# TASK DETAILS
Your copy should repeat the data that follows exactly and contain no image.
• • • • •
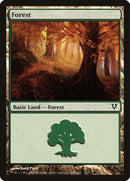 Forest (243) [Avacyn Restored]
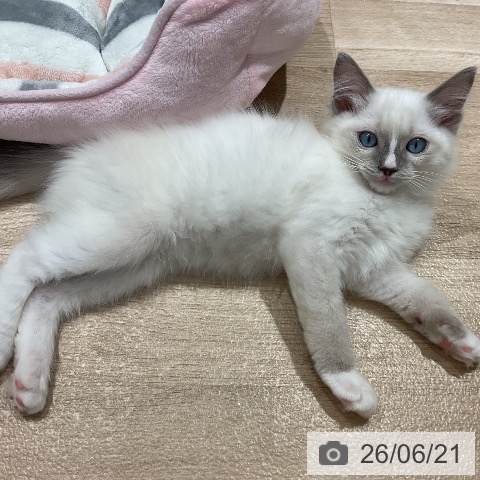 ラグドールの写真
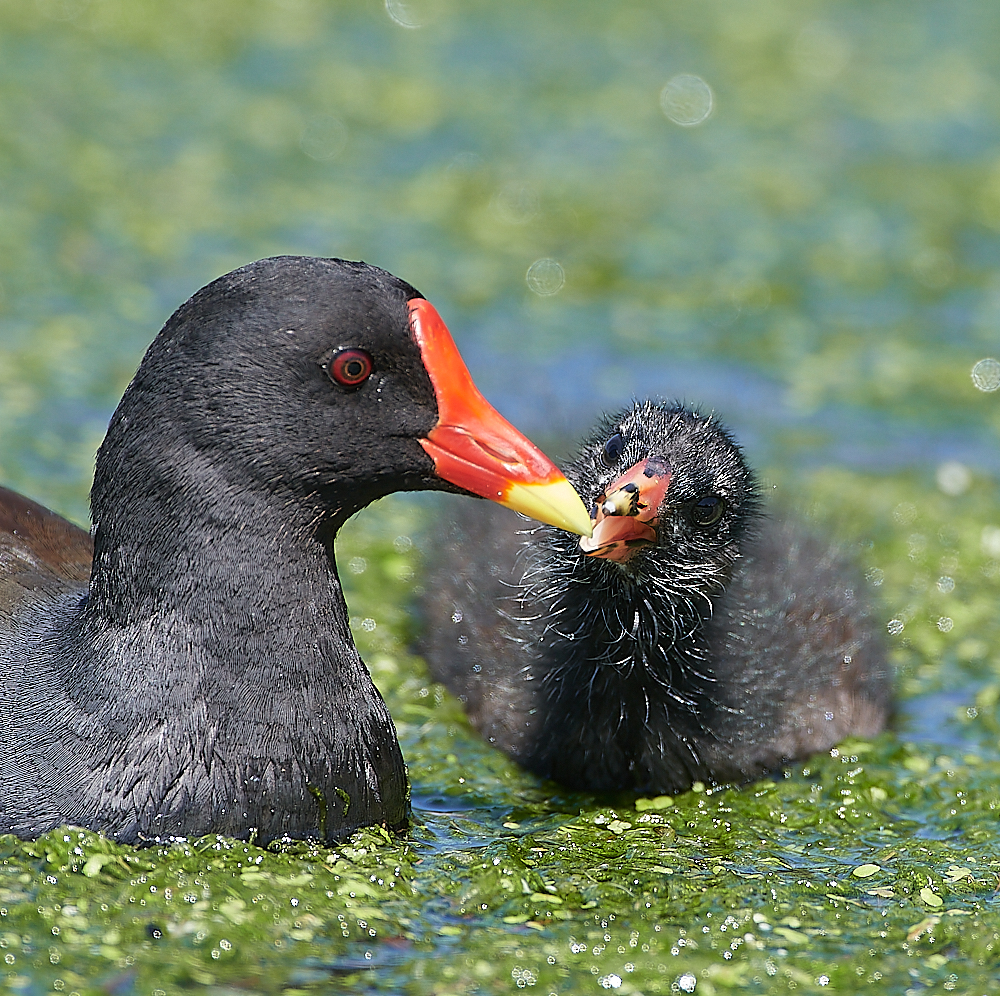 SalthouseMoorhen170721-6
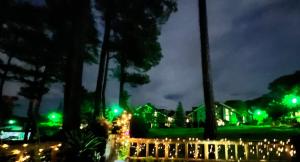 碧瑶CAMPJOHNHAY Forest Estate的夜晚有绿灯的房屋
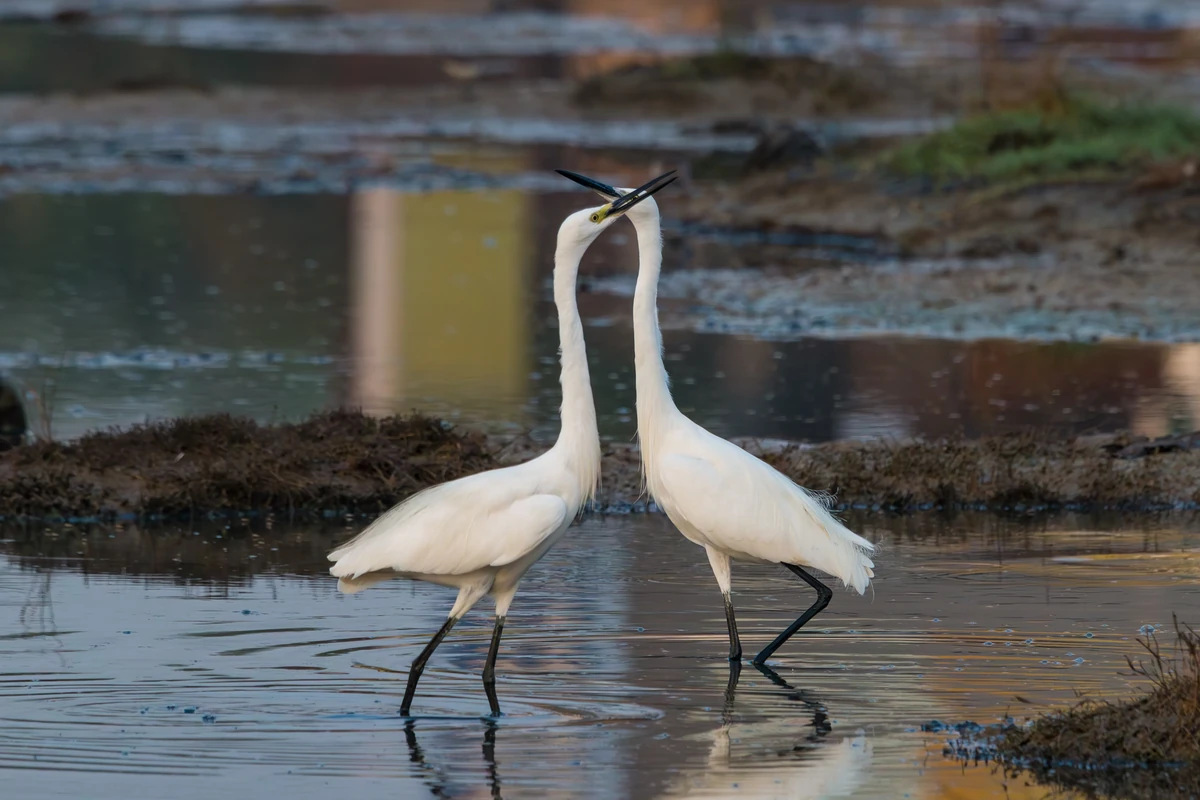 Little Egrets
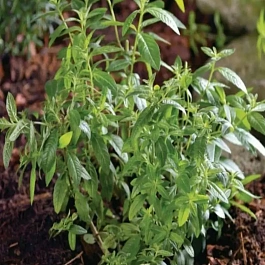 Липпия лимонная Limoncello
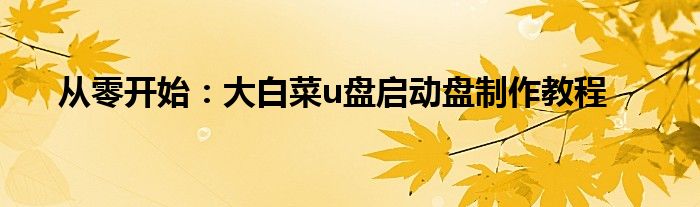 从零开始：大白菜u盘启动盘制作教程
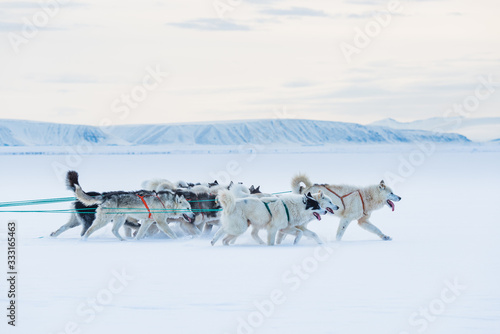 Sled dogs running on snow, Greenland. © Mikael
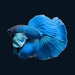 Male betta royal blue dumbo ear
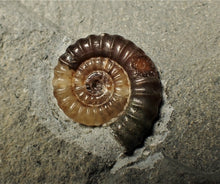 Load image into Gallery viewer, Calcite Promicroceras ammonite display piece (22 mm)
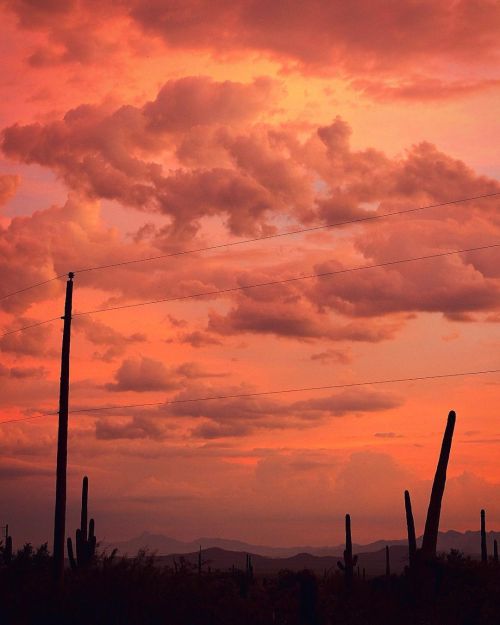 Over the weekend, a huge thunderstorm rolled through #Tucson and it was a beatific and majestic sigh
• • • • •
# FINISHED TASK
 Forest (243) [Avacyn Restored]
 ラグドールの写真
 SalthouseMoorhen170721-6
 碧瑶CAMPJOHNHAY Forest Estate的夜晚有绿灯的房屋
 Little Egrets
 Липпия лимонная Limoncello
 从零开始：大白菜u盘启动盘制作教程
 Sled dogs running on snow, Greenland. © Mikael
 Male betta royal blue dumbo ear
 Load image into Gallery viewer, Calcite Promicroceras ammonite display piece (22 mm)
 Over the weekend, a huge thunderstorm rolled through #Tucson and it was a beatific and majestic sigh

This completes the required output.